Nevertheless, because player-choice is represented here, it’s a god-send that the developers have included a handy “rewind” button that can be enacted at any time. Flicking the left thumb-stick allows players to scroll back through text, replay any audio accompanying their pinpointed dialogue, and/or go back to a decision-making situation and easily see the outcome of said choice. It’s a small mechanic, but one that needs to be present in more visual novels. If for nothing else, this feature is great for when folks have put long periods of time in between their play-sessions; with it, they can quickly scroll back through some conversations to refresh their memory on their place in the story, before getting right back into things.
And re-scrolling through some dialogue may be a necessity at times, primarily toward the end of the game, because there are more than a few typos that made us stop and scratch our head. It’s surprising to see this be such an issue with Code: Realize when its overall presentation is absolutely top-notch. But some of the localization work does drop off a bit in quality during the last leg of the adventure. Between the misspellings such as “Wotcha” instead of “Gotcha” and the confusing, even sometimes jarring, slipping in and out of past- and present-tense at inopportune times, sometimes makes Guardian of Rebirth a less than perfect reading experience. Since these issues are seen more frequently at the end, we’re presuming that the QA crunch got the best of the localization team who still clearly needed a bit more time to iron some grammatical kinks.
On that topic of technical fidelity, let us say that Code: Realize is a beautiful game, both visually and aurally. If visual novels could be considered Triple-A productions, the art and audio here would be just that. Backgrounds are lush and re-used sparingly, new scenes are cut to at all the right times so as to not bore or overexpose any one particular setpiece, clever manipulation of static images are used to create scene movement, character art is imaginative with clean line work, and the soundtrack sounds right out of a JRPG or anime.
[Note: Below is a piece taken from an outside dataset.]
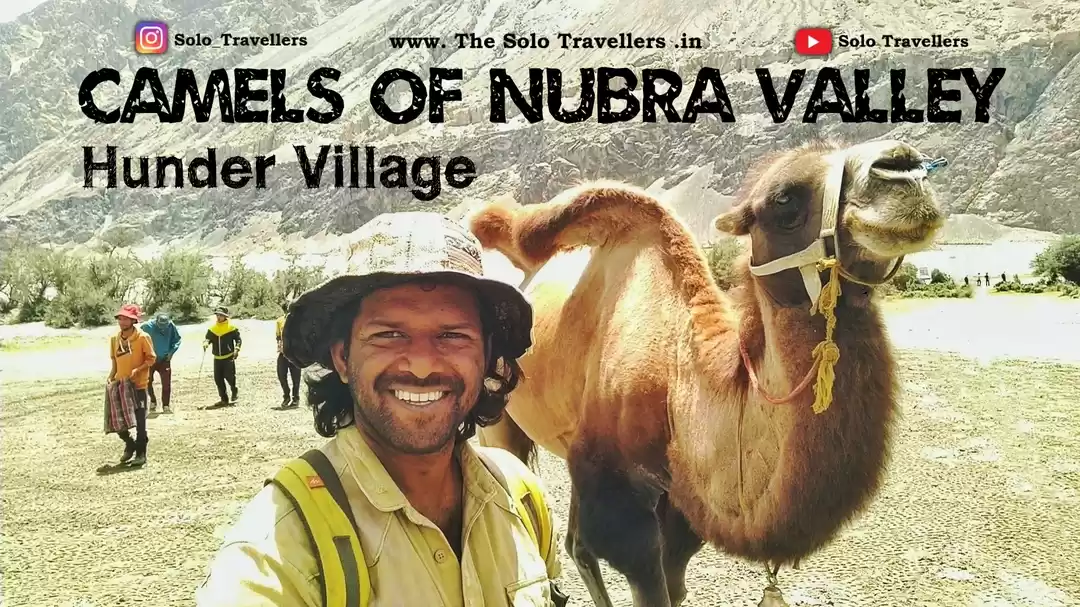 Photo of Double humped Camels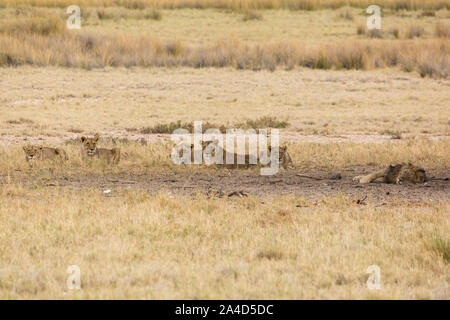 Un branco di leoni femmina si trova in ombra in attesa, un maschio di leone sta dormendo, Etosha, Namibia, Africa Foto Stock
Bouncy tunes, melodic ones, and dramatically fast-paced rock jams are all cycled through with great direction and breadth. The game is just so vibrant from all angles that we would nearly make this a must-play for genre fans just so they could lay eyes on its beauty. And with the Vita’s color and resolution fidelity, the whole thing becomes a real feast for the eyes. And it looks even better on a television because the game is PSTV compatible.
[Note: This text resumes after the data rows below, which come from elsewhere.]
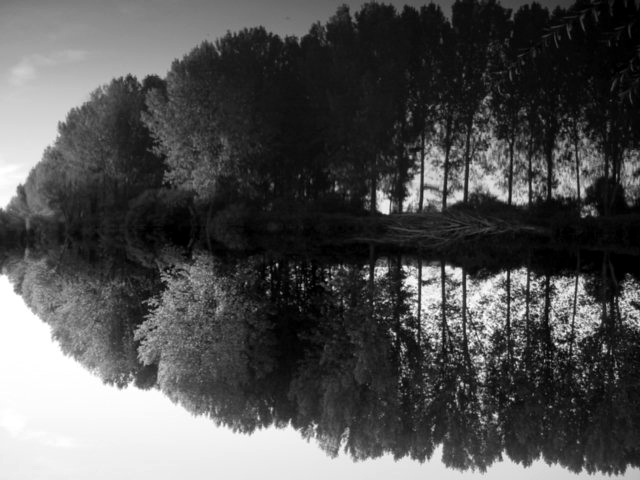 Fotografía por Adriana Draganescu para DesignCrowd (Community Contests) | Diseño #9099506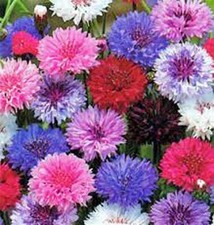 Bachelor Button, Dwarf Polka Dot Mix Seeds, 50 seeds, Beautiful Bright,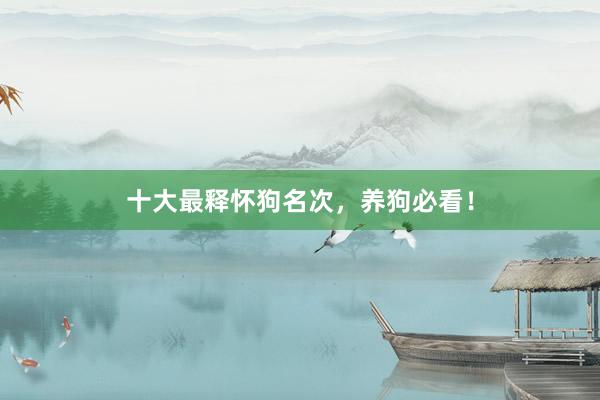十大最释怀狗名次，养狗必看！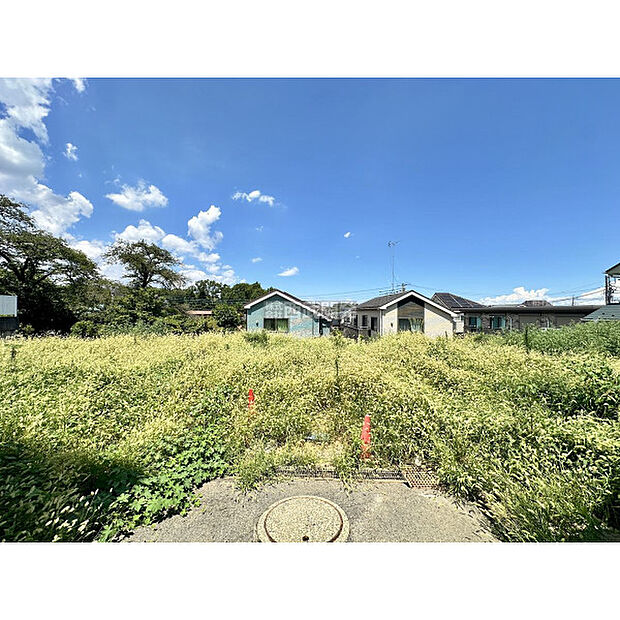 令和7年8月8日撮影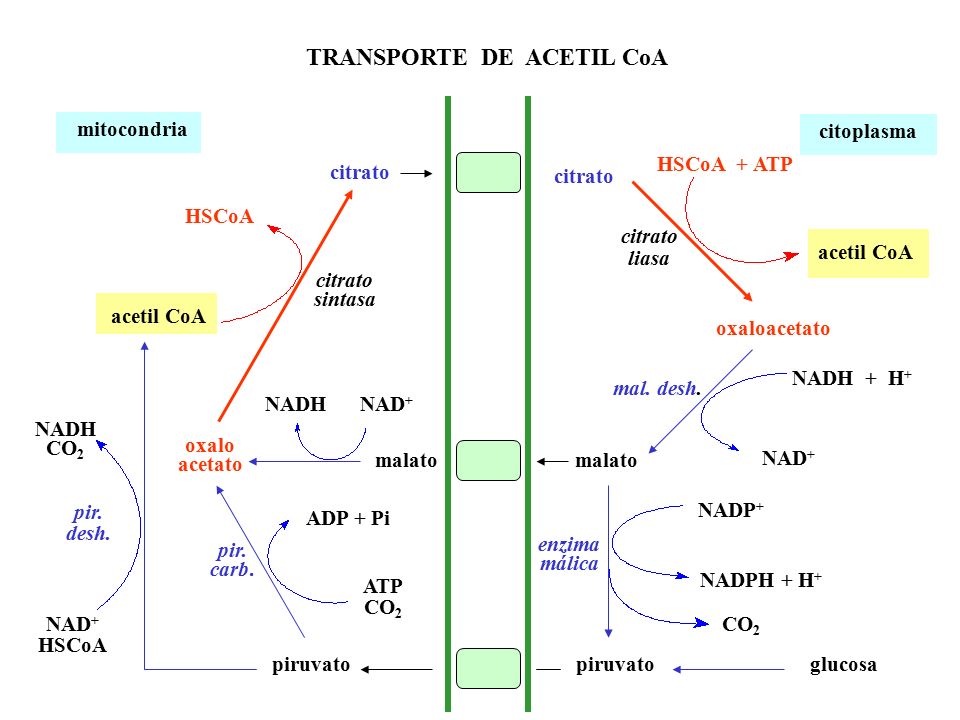 TRANSPORTE DE ACETIL CoA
Code: Realize ~Guardian of Rebirth~ is an excellent story with creative, likable characters. Its cast is varied, unique and wholly interesting, with heroine Cardia stealing the show. Its eloquent characterizations and lengthy story are only rivaled by that of its presentation values which should be the standard-bearers for all visual novels going forward. There are some hiccups in the areas of pacing and typos, but these issues don’t have much of an effect on the overall experience. In the end, Code: Realize is a spectacular visual novel and one of the best, if not the best, of the year. If you’re a fan of the genre, buy it. If you’ve ever been curious about the genre, this is just as good as any of the classics those in the know might recommend.